Born in Brussels in 1823, the Belgian painter Alfred Stevens moved to Paris in the 1840s. This painting is representative of the early part of his career, when he was keen to represent the squalor of the time in realist paintings.
This Parisian street is the setting for an urban drama. Soldiers lead a mother and her ragged children away to prison for the crime of vagrancy. An elegant woman is trying to intercede with the soldiers, while an old, invalid workman has already given up. The attempt is doomed to failure as shown by the soldier's gesture of refusal. A similar scene can be found in Victor Hugo's Things Seen.
On the long grey wall, posters referring to property sales ("sale by auction") and the pleasures of high society ("ball"), contrast with the poverty described in the painting.

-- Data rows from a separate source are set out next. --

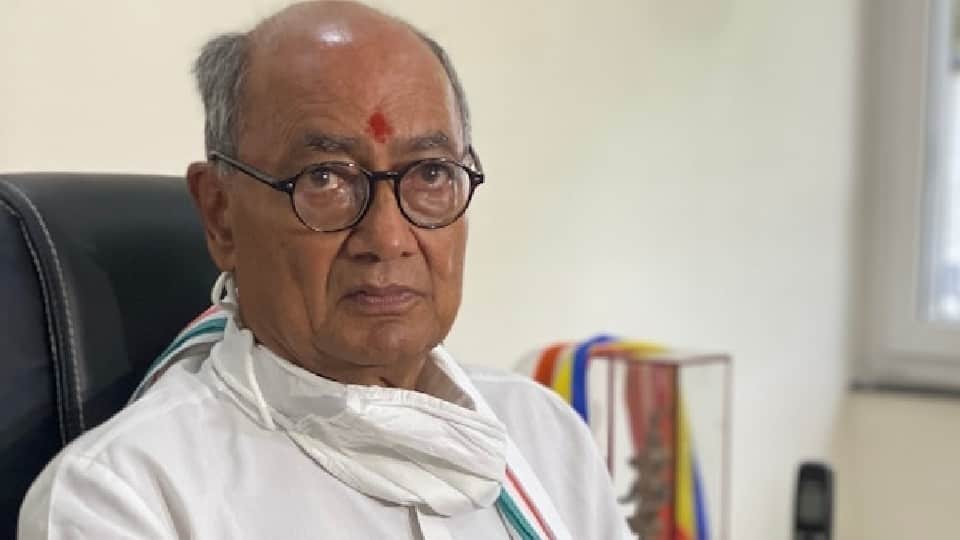 Rahul Gandhi mentor Digvijay Singh will become Congress President know political journey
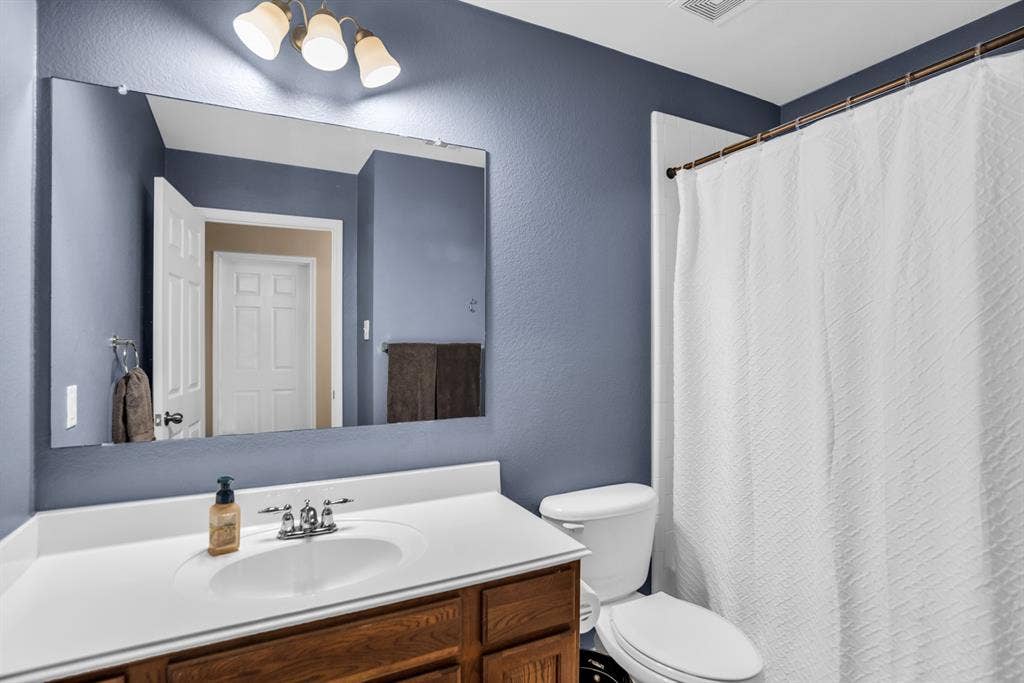 1420 Timber Ridge Drive, Allen, TX 75002 Full Bathroom - Upstairs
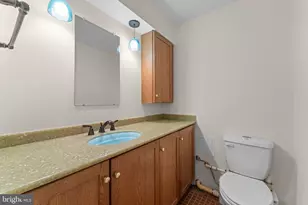 2723 N Oakland St, Arlington, VA 22207 - Photo 34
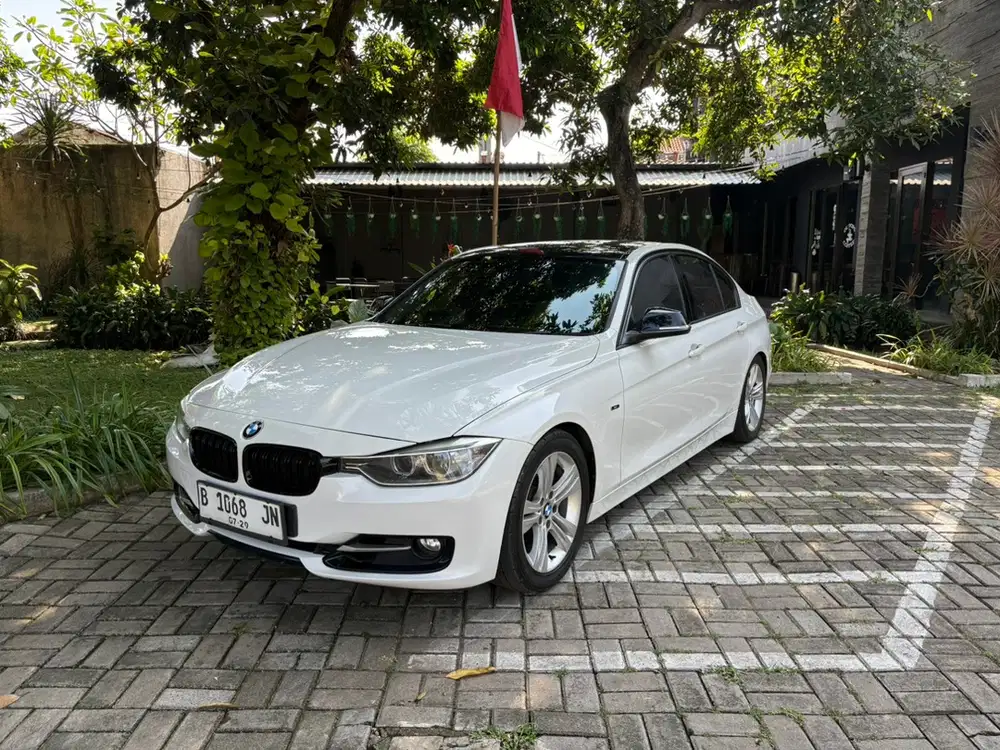 BMW 320i sport 2014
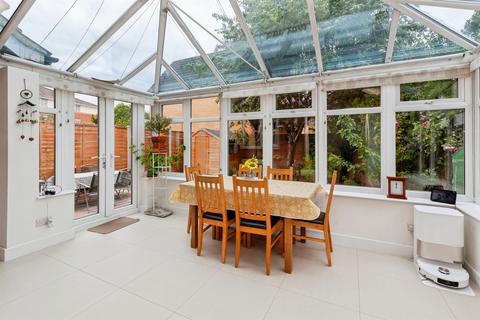 4 bedroom detached house for sale, Ferrers Close, Slough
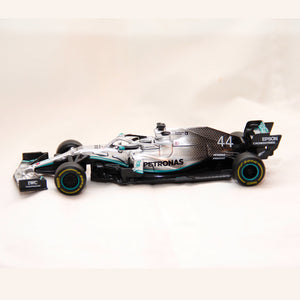 New Formula 1 Lewis Hamilton 44 AMG Mercedes Benz Car Model F1 Racing Driver Season 2016 2019 Hybrid 1:43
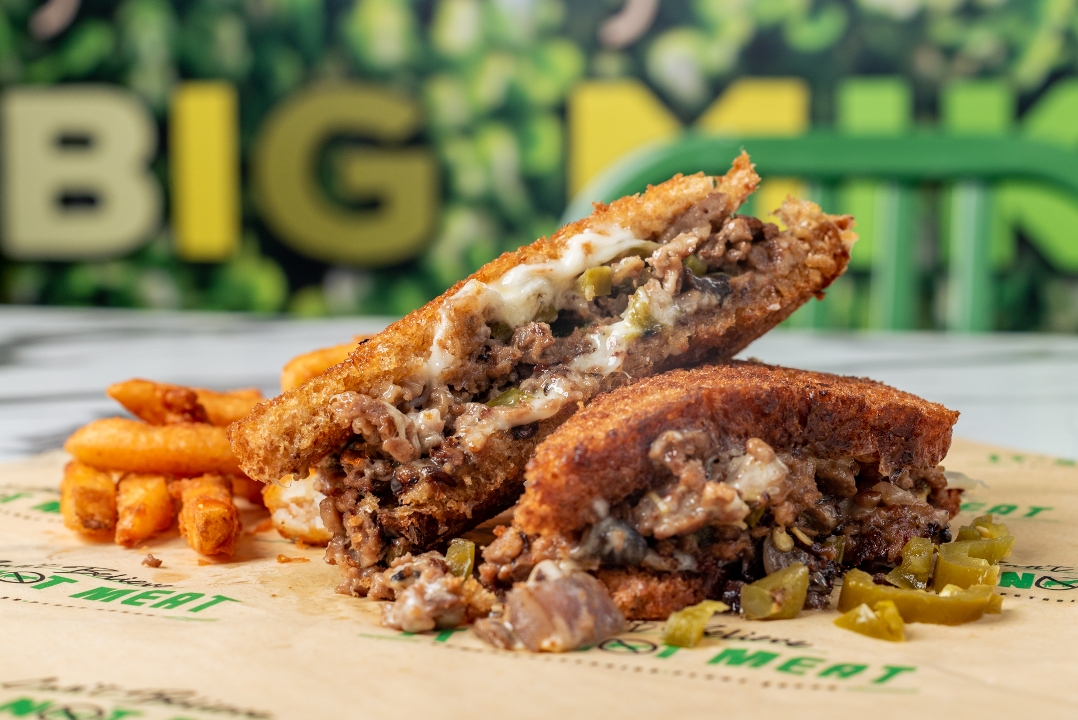 MR. PHILLY MELT.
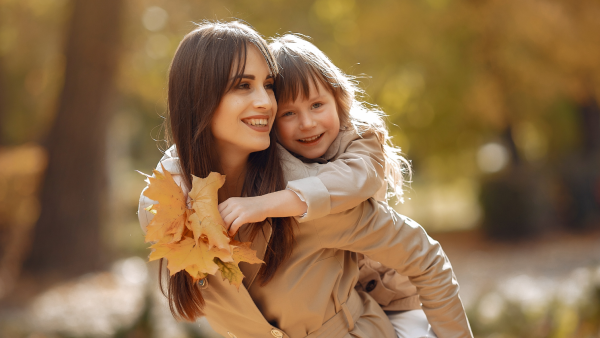 7 signs a woman is a genuinely good mother, according to psychology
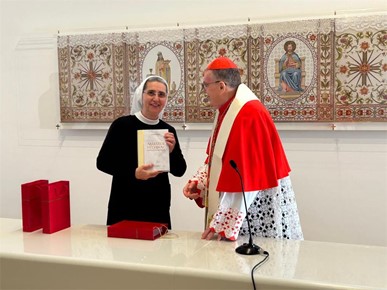 /A/2024/12/F/Kardinal Bozanić pohodio Kuću maticu sestara milosrdnica u Zagrebu2024 (4).jpeg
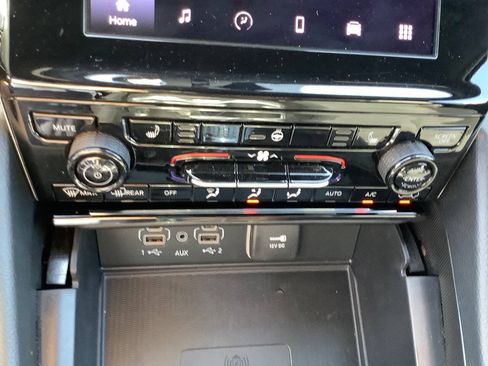Used 2025 Jeep Grand Cherokee L Laredo AWD/4WD image 51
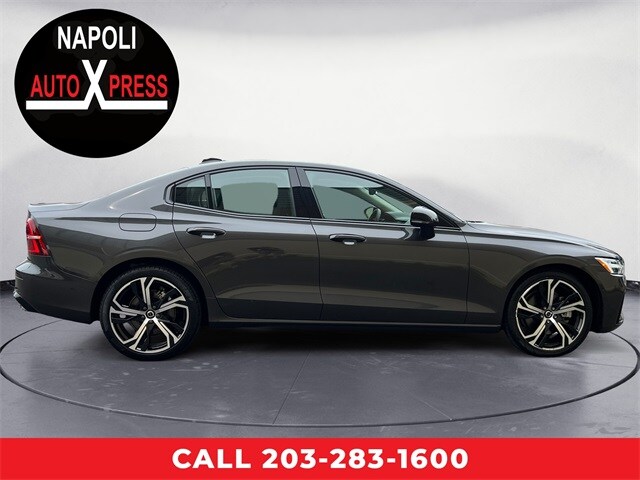 2024 Volvo S60 B5 Plus photo 2
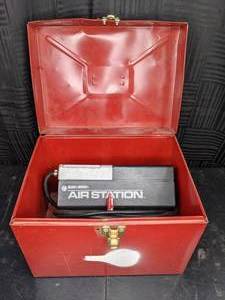 lot 46 image: Black and Decker Portable Air Station with Case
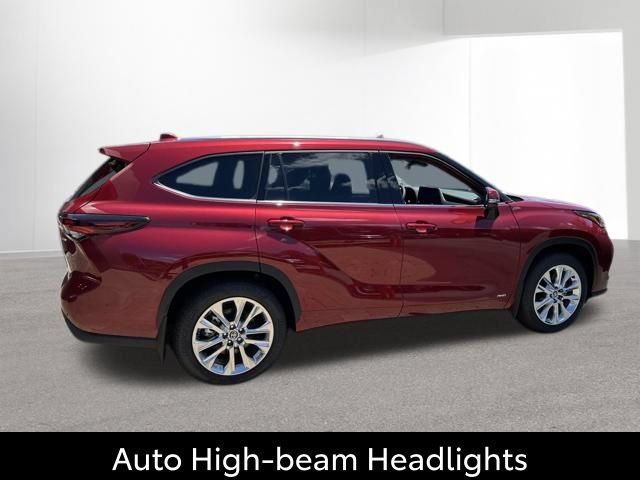 Certified 2026 Toyota Highlander Limited AWD/4WD image 13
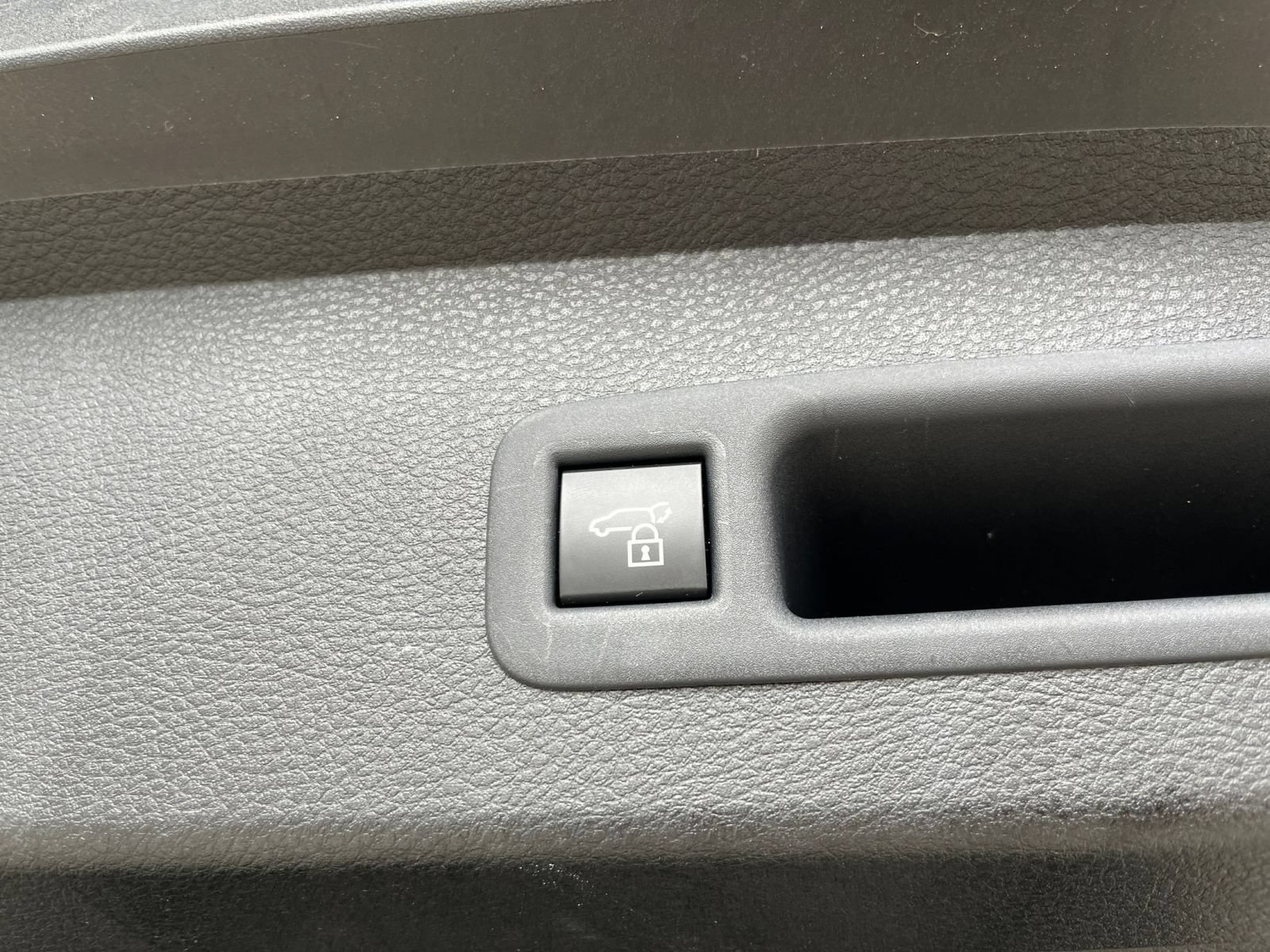 Used 2025 Toyota Sienna XLE FWD image 22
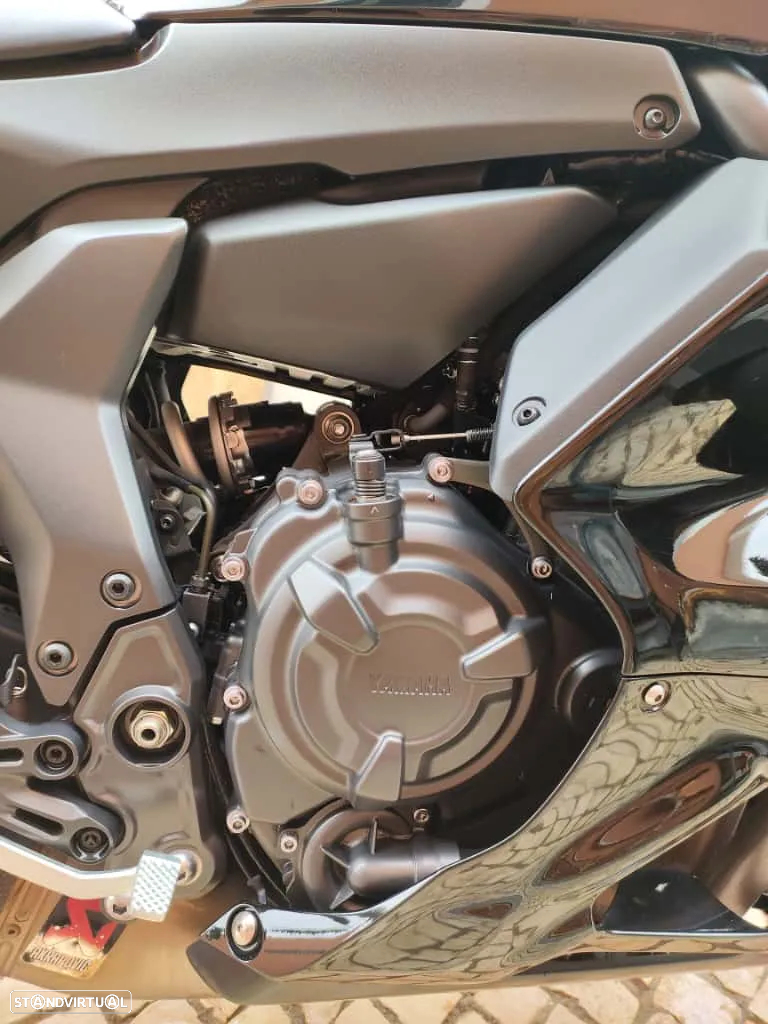 Yamaha YZF 01 - 3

The different social groups who occupy the same urban space find themselves side by side here in a moving composition, and the role of the State, purely repressive, does not come out well.
Stevens' objective was to denounce the poor living conditions in the towns and the cruel treatment meted out to those who lived there. The message struck a chord with Napoleon III who, on seeing this painting at the 1855 Universal Exhibition, supposedly said: "That will not happen again". As a consequence of this, the Emperor ordered that any vagrants should henceforth be taken to the Conciergerie, not on foot, but hidden away in a closed carriage.